There was considerable suspicion on the part of the American Command that the Russians made one of a fever plague outbreak in the spring and the tragic cholera epidemic of the summer months as excuses to limit further intercourse between the two zones.
For instance, there was the matter of the press. In February 1946 the Soviet Foreign Office, through SCAF, requested clearance for a Mr. Anatoli Varskouski, a representative of the TASS news agency, to visit Southern Korea. General Hodge replied directly to General Chistiakov saying that clearance would be gladly given and it was a splendid idea to permit correspondents to visit each other's territory on a basis of enjoying similar privileges." With this, the General proposed the names of Richard Johnston (NEW YORK TIMES), Palmer Hoyt (UNITED PRESS), and Morris Lanzberger (ASSOCIATED PRESS) for an excursion into North Korea. The American commander concluded, "I recommend that these correspondents be accorded the privileges of unrestricted travel throughout all of your territory, and freedom of censorship. In return, I shall be delighted to accord Mr. Varskouski and others in equal members similar privileges. "
By April no answer was forthcoming from the North relative to this American proposal, and the request was reinitiated by General Hodge. Still no reply, and the request was repeated a third time on 20 June, this time accompanied by a letter from the correspondents involved specifying that "the purpose of the visit would be to inform the Allied peoples of the world of the conditions and progress of the Soviet occupation of Korea." Finally, on 22 July, a terse reply came from the Soviet Command citing the cholera danger as the reason why permission could not be granted for the proposed press visit to North Korea.

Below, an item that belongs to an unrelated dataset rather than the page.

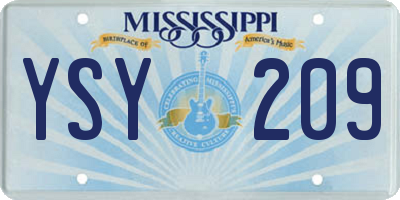 MS license plate YSY209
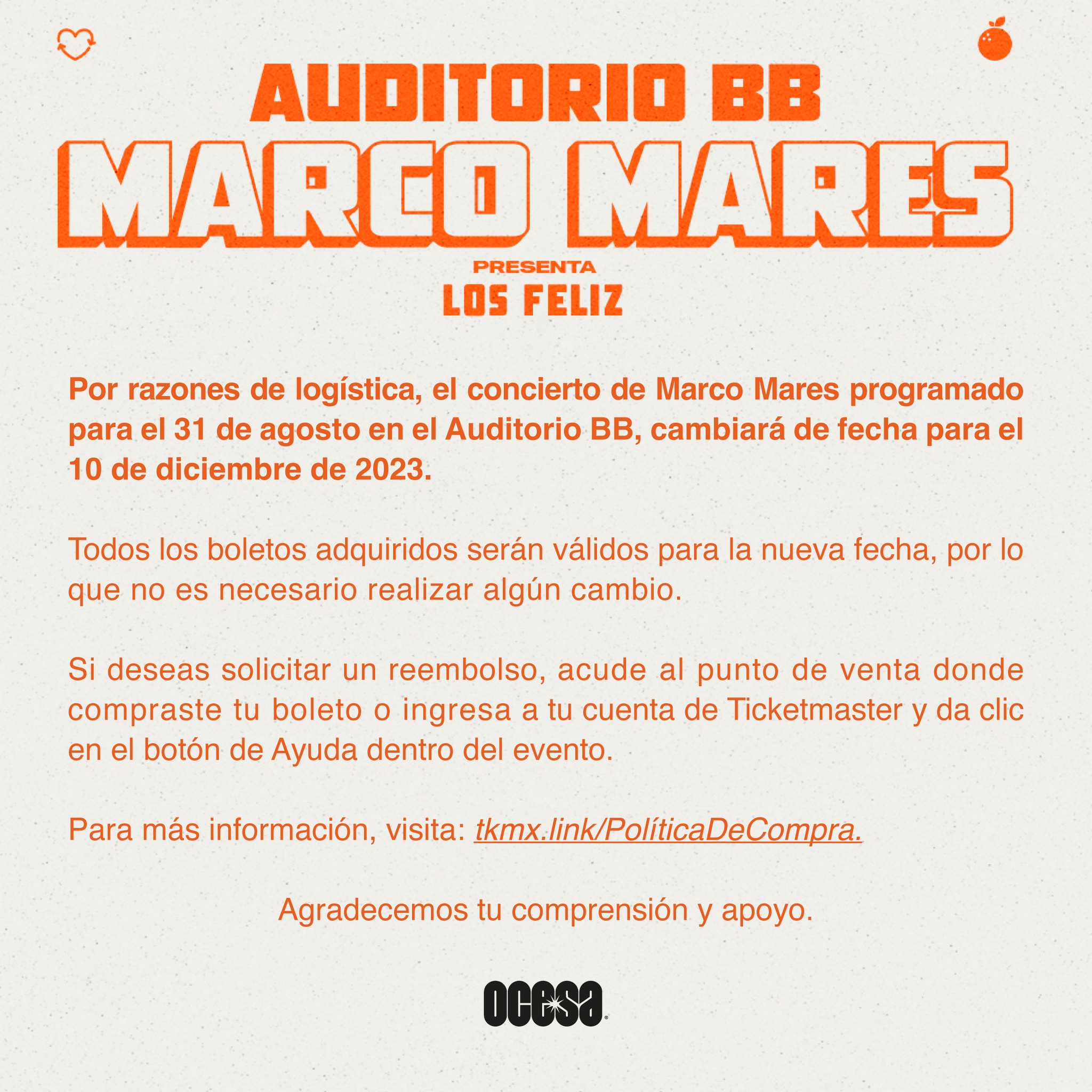 Marco Mares comunicado Auditorio BB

All during the period of the cholera epidemic, which started in the South Korean port of Pusan, the Soviet Command indicated great alarm about its possible spread into North Korea. On 5 May the Soviet commander wrote that as yet there were no cases in North Korea, but it was considered necessary that the American command strengthen its guard on the 38th parallel. The Russians reported that they had already done so. It was also specified that during the peak of the epidemic it was essential that motor transport be stopped to the city of Ongjin via he Seoul-Haeju highway, thus in effect threatening the former agreement allowing the Americans to use this route. (See page 23)
By July 1946 the cholera epidemic was at its worst in North Korea, and General Chistiakov requested tighter border control on the part of the American forces to control its spread. The Americans increased the number of petrols along the border, so as to minimize both north-and south-bound traffic across the frontier, and so informed the Soviet command.
The Russians continued to criticize American border control, the emphasis being on the danger of cholera. On 18 July, General Chistiakov wrote that several boats had arrived from South Korea with cholera victims aboard and specified that as the source of infection in North Korea. More effective border control was requested of the Americans, particularly on movements to North Korea by the sea route.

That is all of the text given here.